**WORK REQUEST**
Pictures aside, can you reproduce the records word for word?

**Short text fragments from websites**

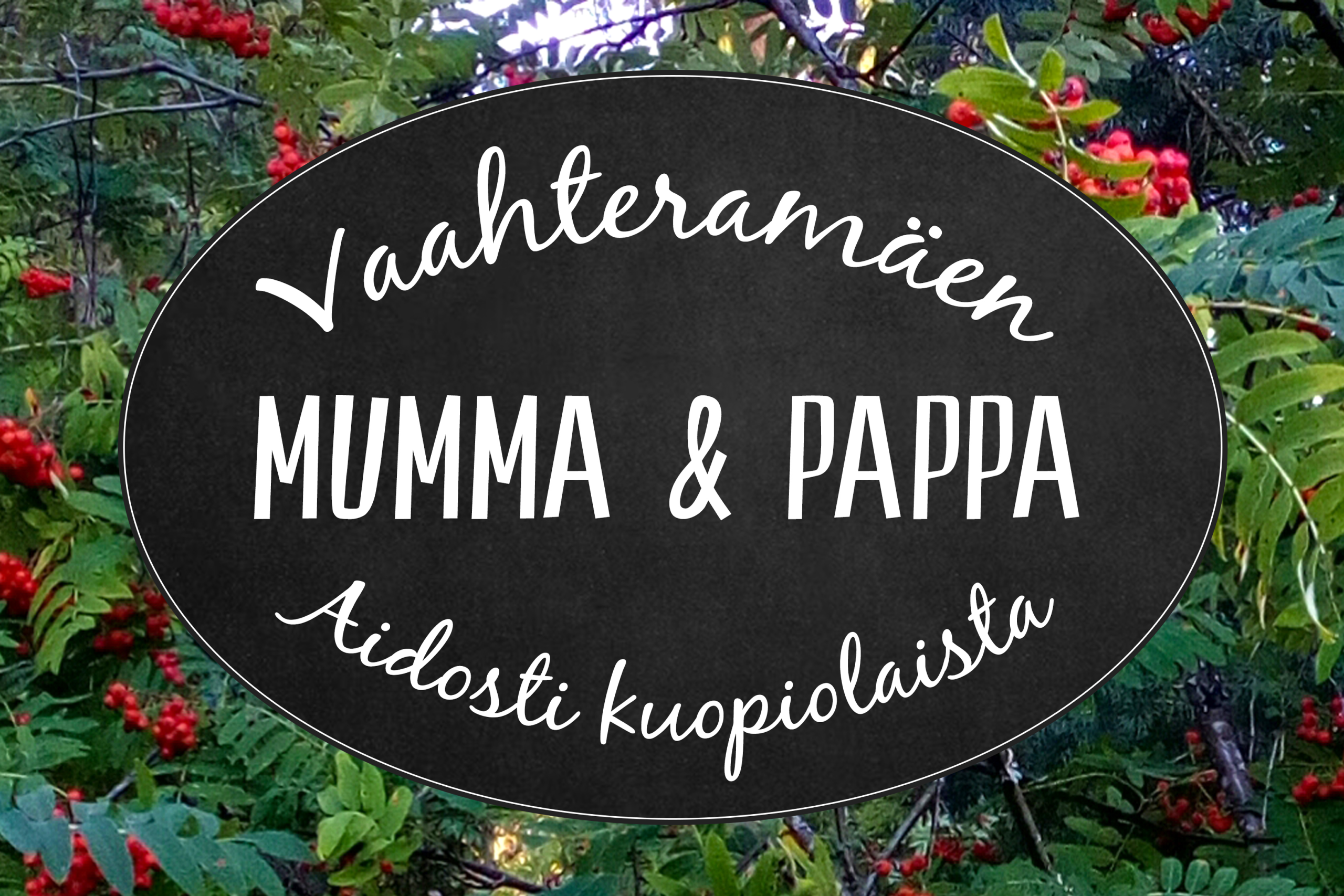 Vaahteramäen Mumma&Pappa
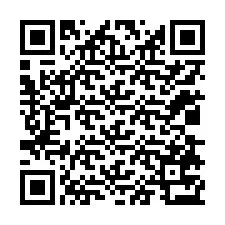 QR код за телефонен номер +12038773961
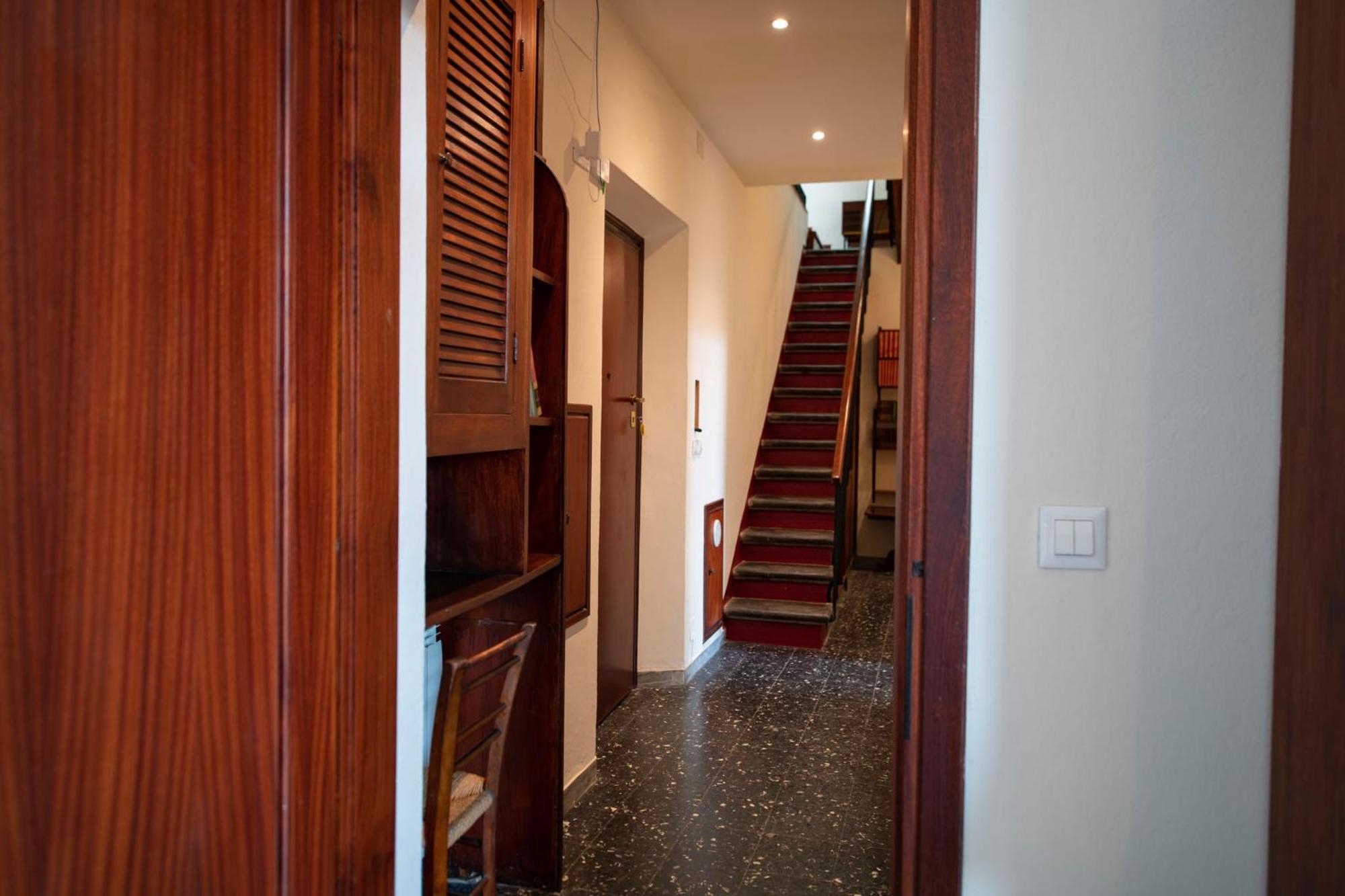 Mamo Florence - Pilastri Terrace Zewnętrze zdjęcie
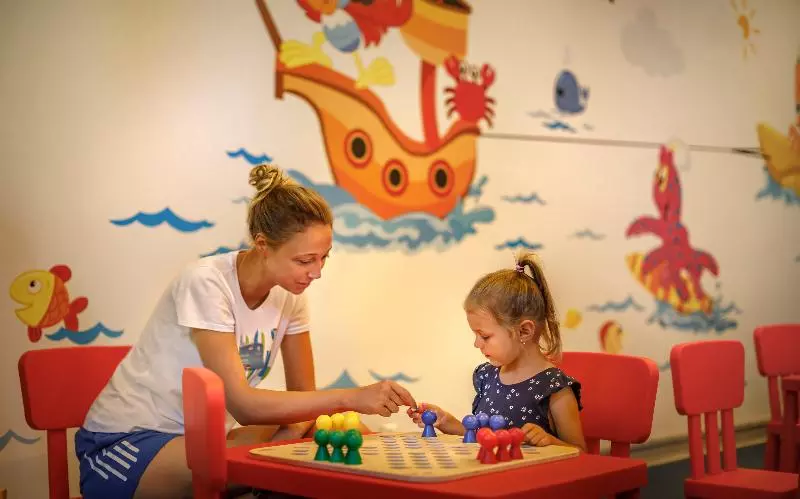 Szálloda Valamar Parentino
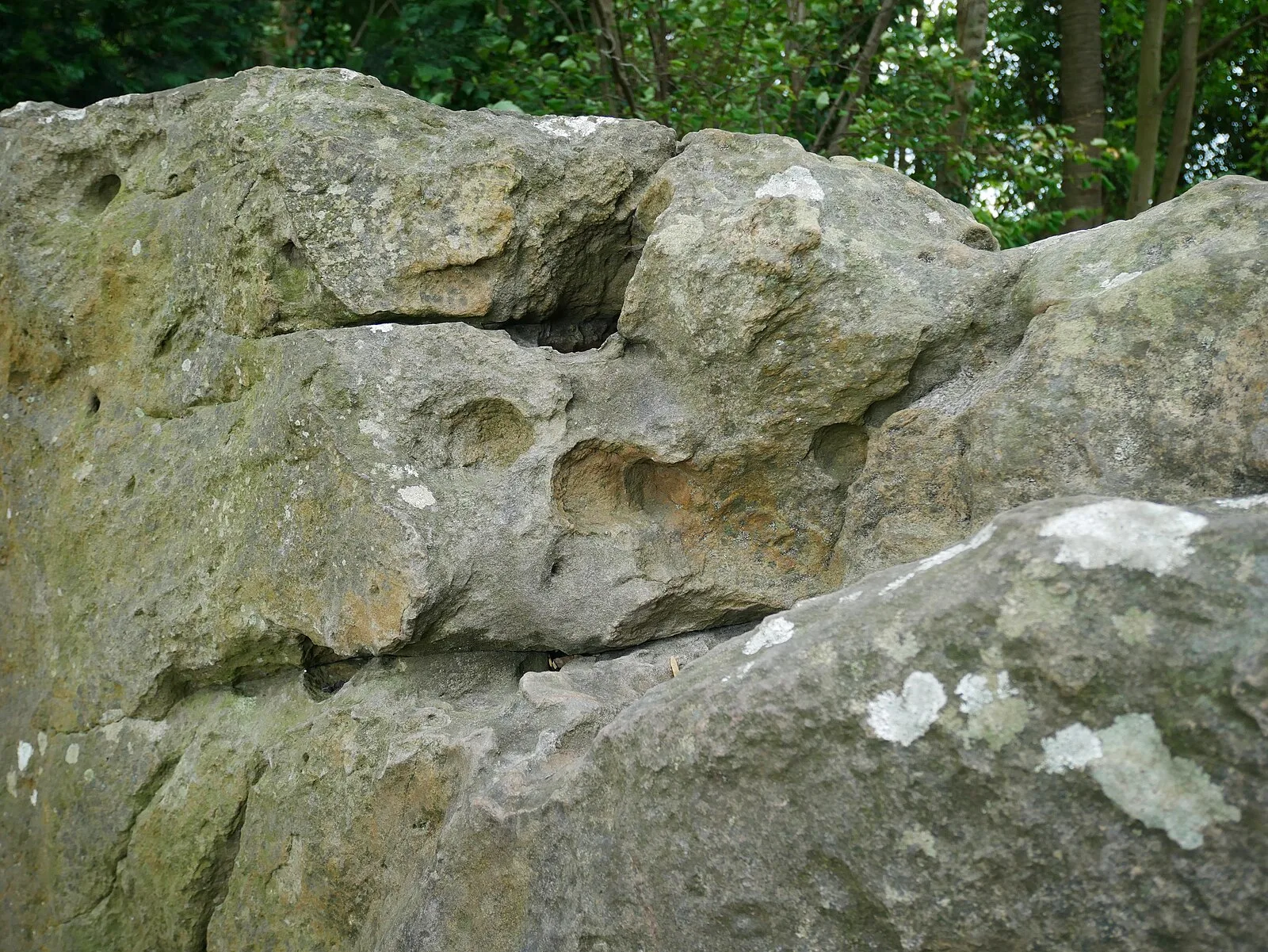White Horse Stone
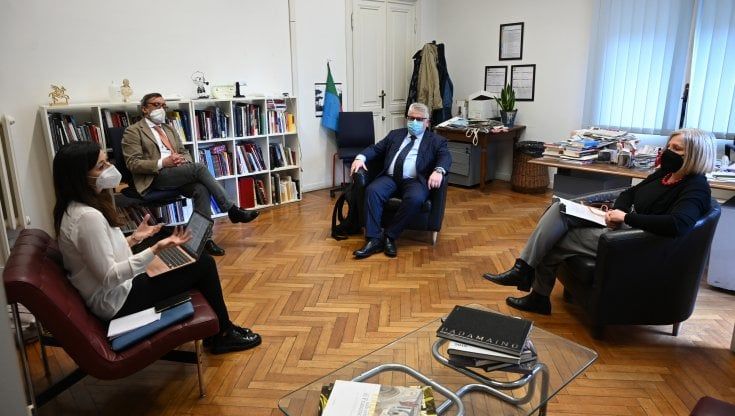 Petrucci e Aiello, la sfida: l’Università di Firenze al voto per scegliere il rettore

**ANSWER TO THIS EXERCISE**
 Vaahteramäen Mumma&Pappa
 QR код за телефонен номер +12038773961
 Mamo Florence - Pilastri Terrace Zewnętrze zdjęcie
 Szálloda Valamar Parentino
White Horse Stone
 Petrucci e Aiello, la sfida: l’Università di Firenze al voto per scegliere il rettore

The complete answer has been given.